Forecast calling for rain.


----------



## BigAl205 (May 20, 2009)

bertholomey said:


> Hey BigAl, I'll be arriving Friday, but I might be might be busy until later that night - I'll touch base with you as we get closer.


I'll be working 5am to 5 pm central, so I'll be rolling in later than expected. :mean:


----------



## strakele (Mar 2, 2009)

kickinaudio said:


> Forecast calling for rain.


^^ True. They're often off by a day or so around here, but that would definitely suck if they're right.

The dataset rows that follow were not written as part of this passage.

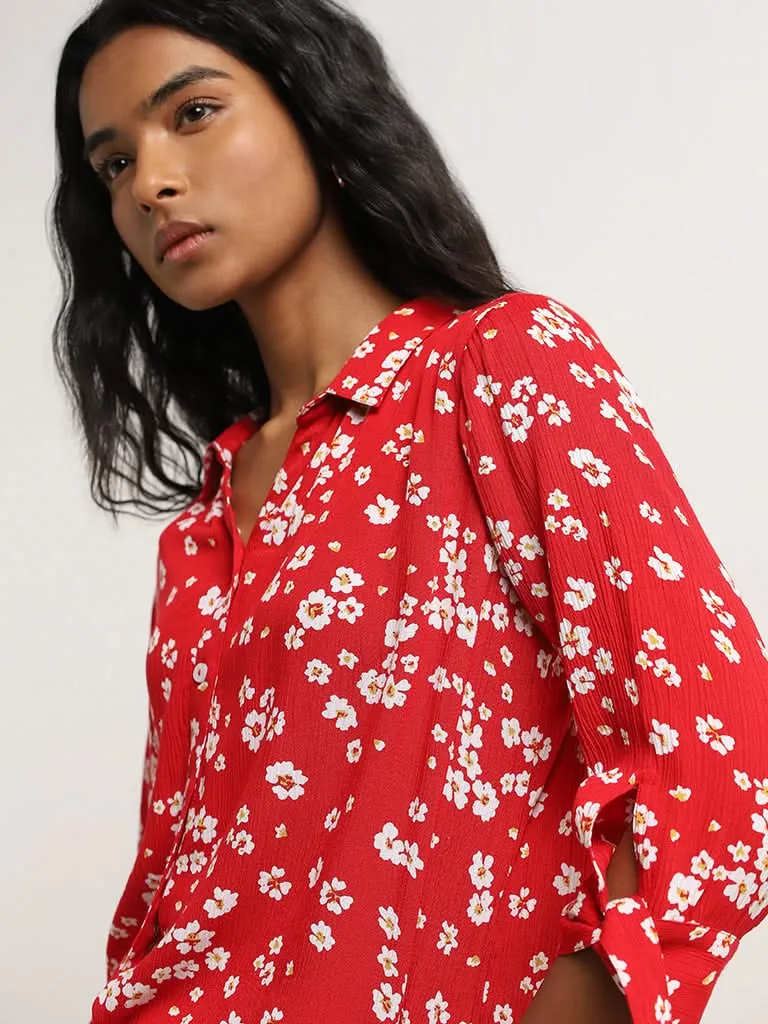 LOV Red Floral Printed Shirt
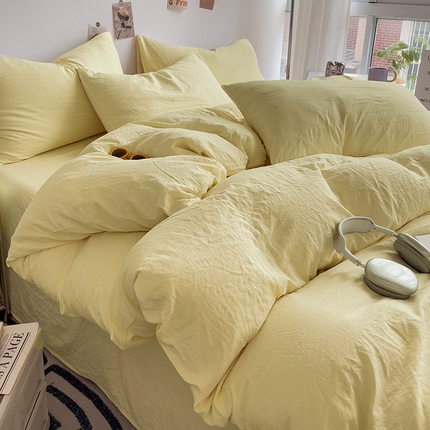 91家纺网 家纺一手货源 找家纺 （总）韩巢家纺 2024新款日式ins风超柔褶皱亲肤水洗棉被套单件-纯色系列（提供卖家秀）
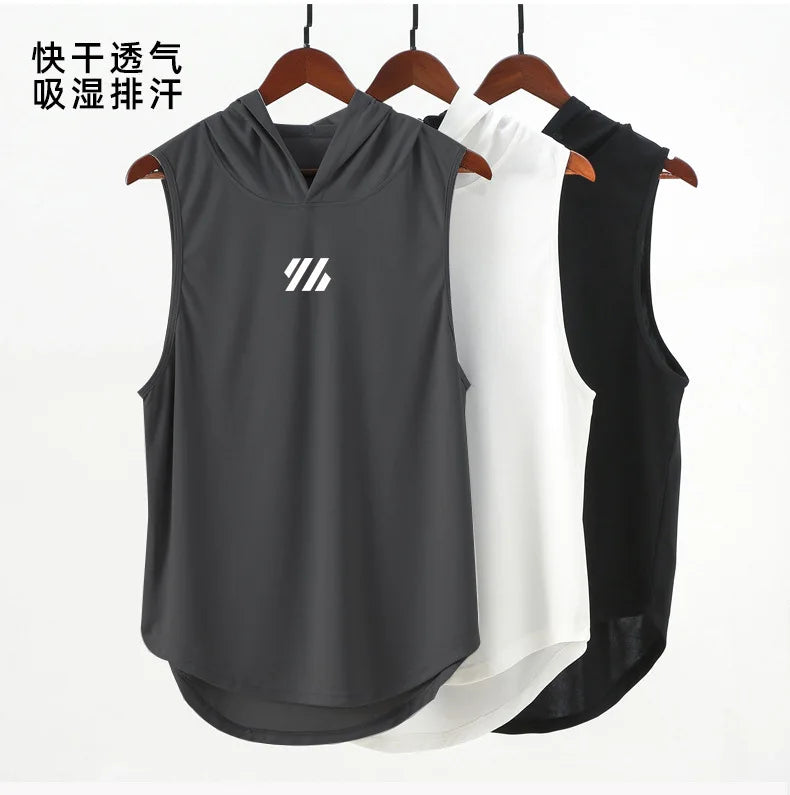 Mens Gym Tank top Men Fitness Sleeveless hooded Shirt Male Mesh Breathable Fitness Sports Vest Undershirt Gyms Running Vest Men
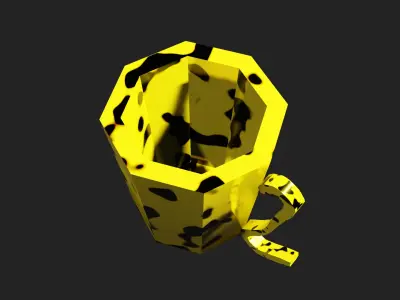 Metal cup painted with yellow color and black dots Free low-poly 3D model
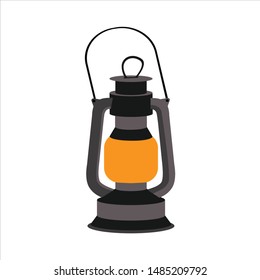 Vintage camping lantern. Vector icon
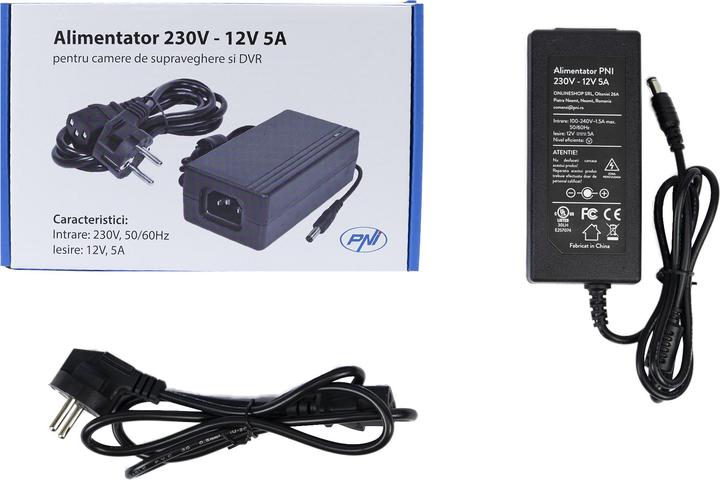 Produktbild PNI 230V - 12V 5A 60 Watt Netzteil für Überwachungskameras und DVR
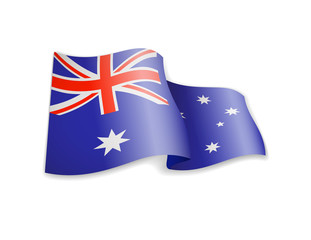 Waving Australia flag on white background.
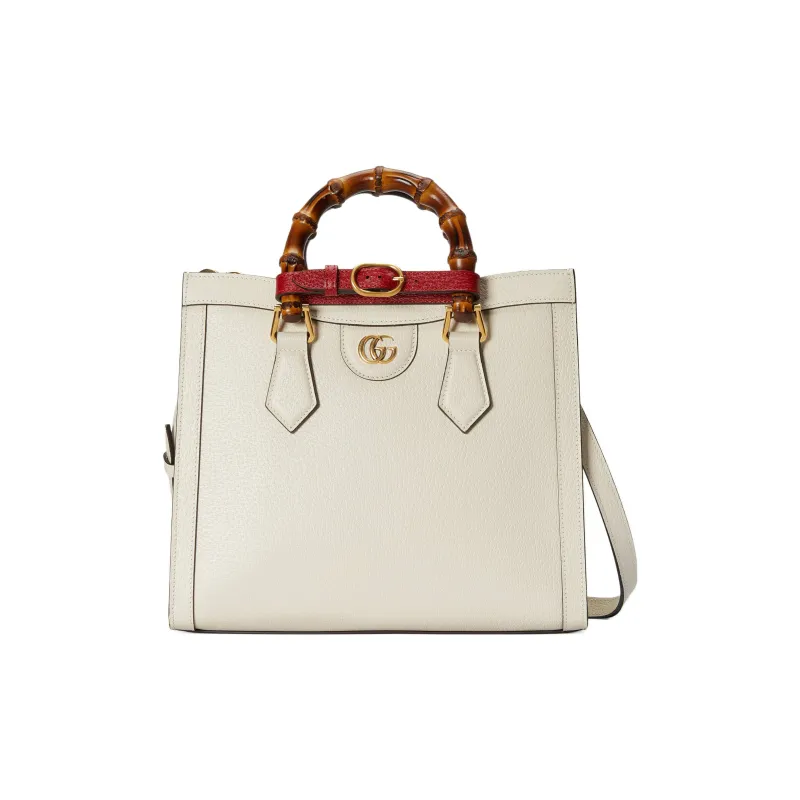 GUCCI Diana Leather Tote Bag, Shopping Bag, Handbag, Shoulder Bag, Crossbody Bag Trumpets Unisex Ecru-1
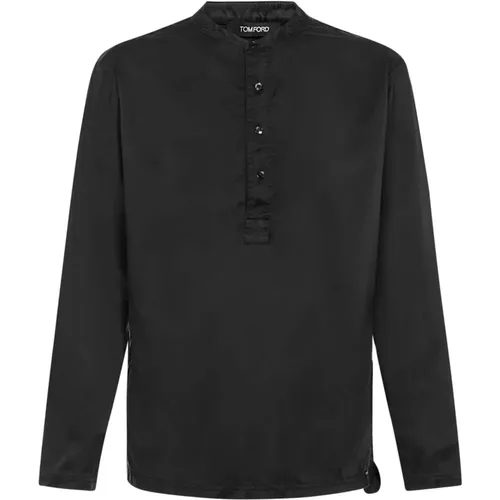 Silk Crewneck Shirt with Asymmetrical Hem , male, Sizes: 2XL, XL, L, S - Tom Ford - Modalova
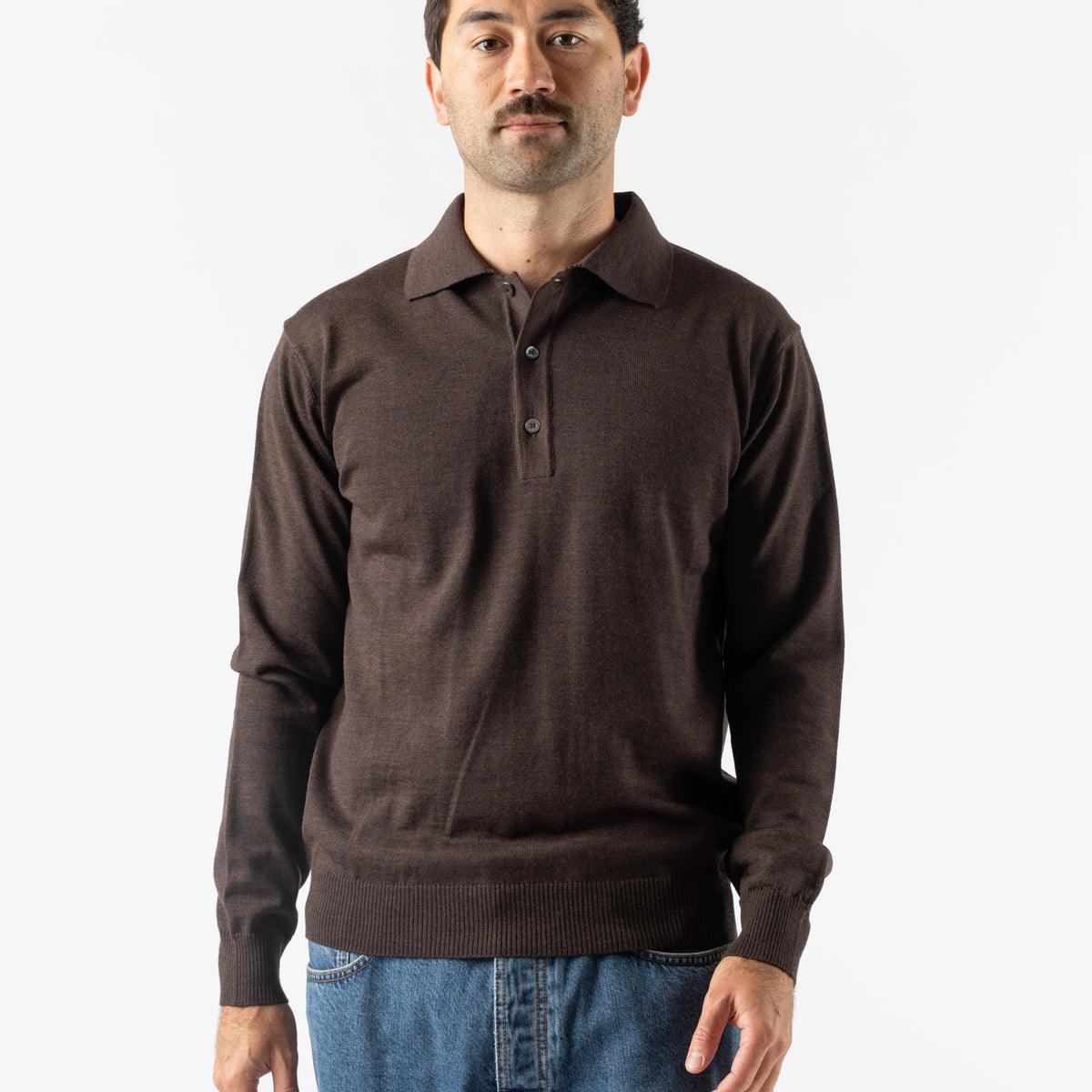 Another Aspect Another Polo Shirt 2.0 in Brown Melange Curated at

If so, we'll convoy over to my parking deck and continue under cover.


----------



## sleepybrown (Jun 23, 2007)

I will try to make it up there. Will be getting off work at 7am that morning so hopefully I will not be too tired!


----------



## stereo_luver (Oct 30, 2007)

Well the new build has been put on hold while I gather a few more items I need to do some fabrication work. I may be able to make it. I have to put everything back in and tune again....LOL....I went so far as to reset my HU to tune the new drivers and amps.

Chuck


----------



## postman18ny (Dec 3, 2008)

I think I will be able to make it, is it still planned for north lake mall?


----------



## strakele (Mar 2, 2009)

Yes, pending weather. 

If everyone who is planning on coming would PM me, that would be great. I will send you my phone number. If the weather on Saturday turns out to be bad, I will make a post on this thread about where to meet up (it'll just be somewhere in the mall that's easy to find) then at a certain time we'll convoy over to my parking deck that's covered so we can continue regardless of weather.


----------



## Hillbilly SQ (Jan 26, 2007)

Y'all have a good time and take plenty of pics. Sorry I couldn't make it. Is one going to possibly happen in the fall?


----------



## strakele (Mar 2, 2009)

UPDATE:

After some thinking with regards to weather and timing and everything, we have a new plan.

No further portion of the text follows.